Усталую дремотность как рукой сняло! Фаина заработала быстрей, внутренне подобравшись и коря себя за то, что думала о Шагановых несколько минут назад…

Перед вечером Лидия с Фаиной отправились снимать сливы. Крупные, красновато-янтарные плоды, маячившие на ветках, гнули их до земли.

– Какие сладкие! Я таких слив даже не пробовала, – воскликнула Фаина. – Слушай, а ты не хотела бы жить в городе? Поступила бы на фабрику. Или в техникум.

– А я жила в городе, – усмехнулась Лидия. – Полгода училась на рабфаке. Сестра Маруся была студенткой мелиоративного института и меня затащила в Новочеркасск. А Яша находился там же на курсах трактористов. Познакомились на танцах, и – прощай учеба! Сюда увез.

– А разве ты не здешняя?

– Нет. Я из Родионово-Несветайского района.

– Расскажи о себе.

– Да что рассказывать… Росла в многодетной семье. Старше меня – Мария, Павлик, Ваня. Младше – Наталья да Витя. Я вот гляжу: тебе все у нас в диковинку. А меня с детства и коровы, и быки, и лошади, и чушки чумазые окружали. Я девчонка была слабенькая. Частенько простужалась. Сяду на подоконник, положу тетрадку и рисую… Еще песни легко запоминала. В теплую пору любила ездить с дедушкой на подводе. Выедем за околицу слободы и начинаем концерт! И русские, и украинские, и казацкие… А кругом простор! Цветов – не оглядеть! Соловьи…

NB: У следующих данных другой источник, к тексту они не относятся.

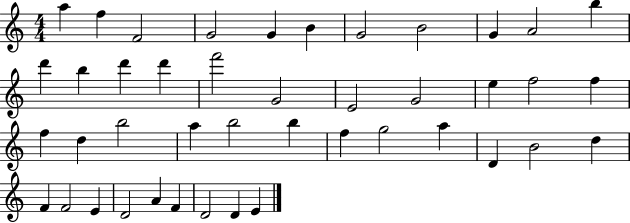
X:1
T:Untitled
M:4/4
L:1/4
K:C
a f F2 G2 G B G2 B2 G A2 b d' b d' d' f'2 G2 E2 G2 e f2 f f d b2 a b2 b f g2 a D B2 d F F2 E D2 A F D2 D E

– А я соловья ни разу не слышала.

– Училась неплохо. С охотой. Потом, когда семья перебралась на хутор Веселый, к своему земельному наделу, стало трудней. Каждый день пять километров туда и обратно, пешака. Зимой квартировали у дедушки, в слободе. Помню, как за нами папа приезжал. Выйдем в субботу из школы – глядь – наши лошади! На холоде запах от них чудесный! Сено в санях мятой и донником отдает. Так и займется сердце от радости! Дома нас мама искупает, бельишко сменит и – опять на неделю в слободу… Ну, давай по очереди. Теперь ты…

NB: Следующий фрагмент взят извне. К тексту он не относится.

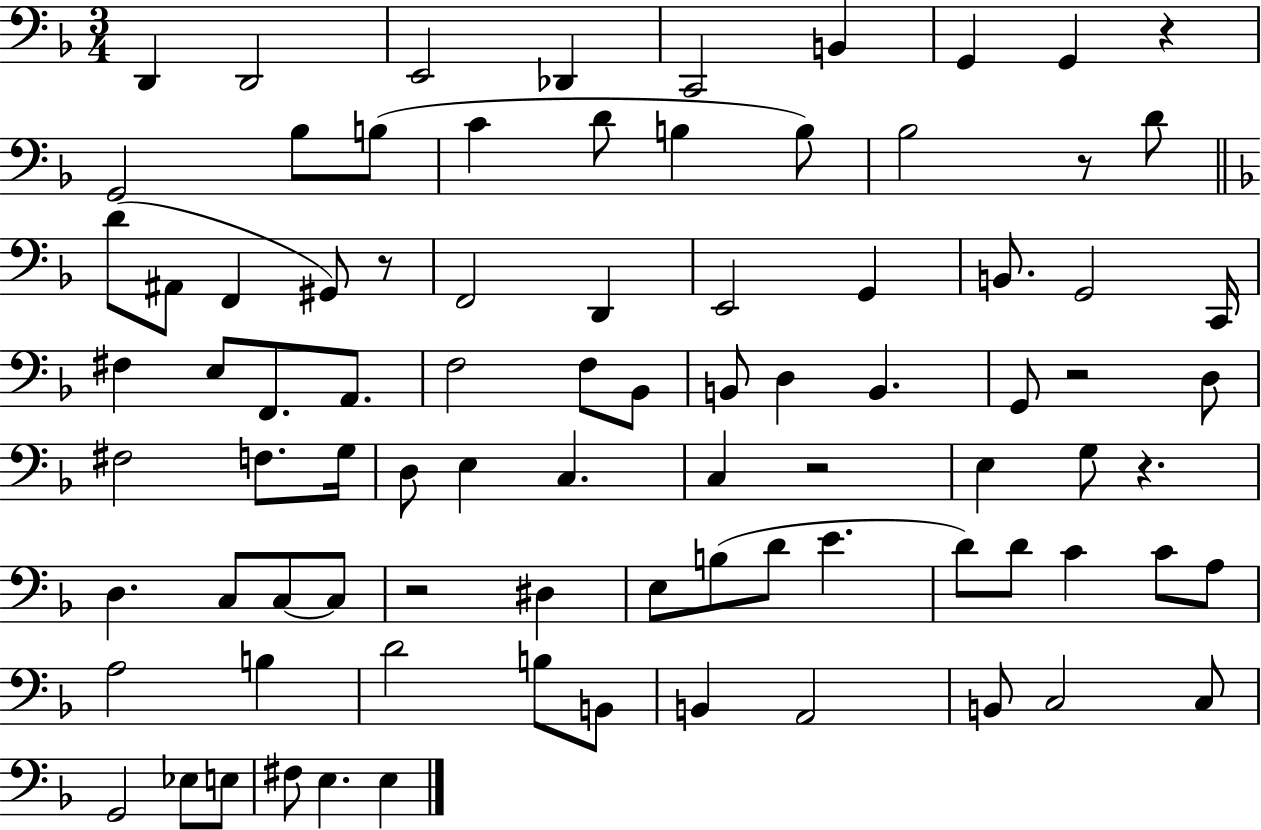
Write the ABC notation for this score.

– Представляешь, отец и мама поженились в конце гражданской войны. Возможно, знаешь о блиновской кавалерийской дивизии? Ну вот. Родилась я в тачанке! Мне об этом говорила мамуля… Она из династии знаменитых врачей Каминских. Блестяще окончила Киевский университет. Кстати… – Фаина сделала многозначительную паузу. – Нарком здравоохранения ее дальний родственник. Папа был комиссаром в полку, а после поступил в ОГПУ. Папанище у меня человек необыкновенный! Почти двухметрового роста, играет на гитаре, поет баритоном. Всей душой предан товарищу Сталину! В тридцать восьмом, когда боролись с врагами народа, он сутками не смыкал глаз. Добровольцем ушел на фронт. А мама в больнице оперировала. Днями пропадала на работе. Я в нее удалась. Мы даже одежду носим одинакового размера. Правда, маме идет бордовый и синий цвет, а мне – зеленый.

– А почему ж ты у них одна?

– Спрашиваешь. Откуда мне знать?

– Значит, собой занимались. А я родила бы Яше еще двоих…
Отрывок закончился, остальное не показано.